Cleanroom Recovery, like any disaster recovery technology, will need some evangelization from solution providers, Cronin said.
“Selling disaster recovery of any kind is like selling life insurance: no one wants to think about it,” he said. “But I’ve talked with customers about this and received positive feedback. We have a friendly customer base, and they’re not saying, ‘Yeah, sure.’ The feedback was uplifting, positive feedback.”
Cloud Recovery is a tremendous partner opportunity, said Alan Atkinson, Commvault’s chief partner officer.
“We've seen a crazy amount of interest from the partner community, especially from the partners that are closest to us,” Atkinson told CRN. “When you think about writing those recovery plans or coordinating those tests, Cleanroom Recovery generates a dashboard where you can look at things like, ‘How did we do,’ and then try to iteratively improve it. There's a lot of services and value in there that Commvault is not going to provide. We need help.
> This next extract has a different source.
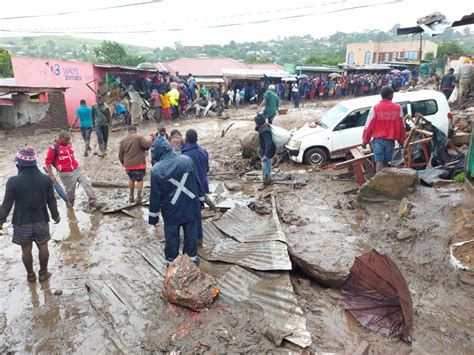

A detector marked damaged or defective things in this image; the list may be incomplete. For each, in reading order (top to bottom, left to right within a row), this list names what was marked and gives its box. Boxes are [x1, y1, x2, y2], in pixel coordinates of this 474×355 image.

torn metal sheet [213, 196, 286, 243]
torn metal sheet [198, 221, 290, 272]
torn metal sheet [218, 266, 312, 350]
And that's where the partners really have a valuable role to play. And so it's gotten a lot of interest.”
Cleanroom Ready will typically be attached to an existing software customer, although Commvault expects to also take it to new customers, Atkinson said.
“But if you think about our installed base, this is an opportunity for the partner community to go back and approach those folks about a high-value problem they know they've got to solve, but they didn't know they could solve,” he said. “We've seen a lot of interest from our biggest partners. And to be fair, it's still pretty new, so that interest has really been from some of our biggest customers in the U.S.”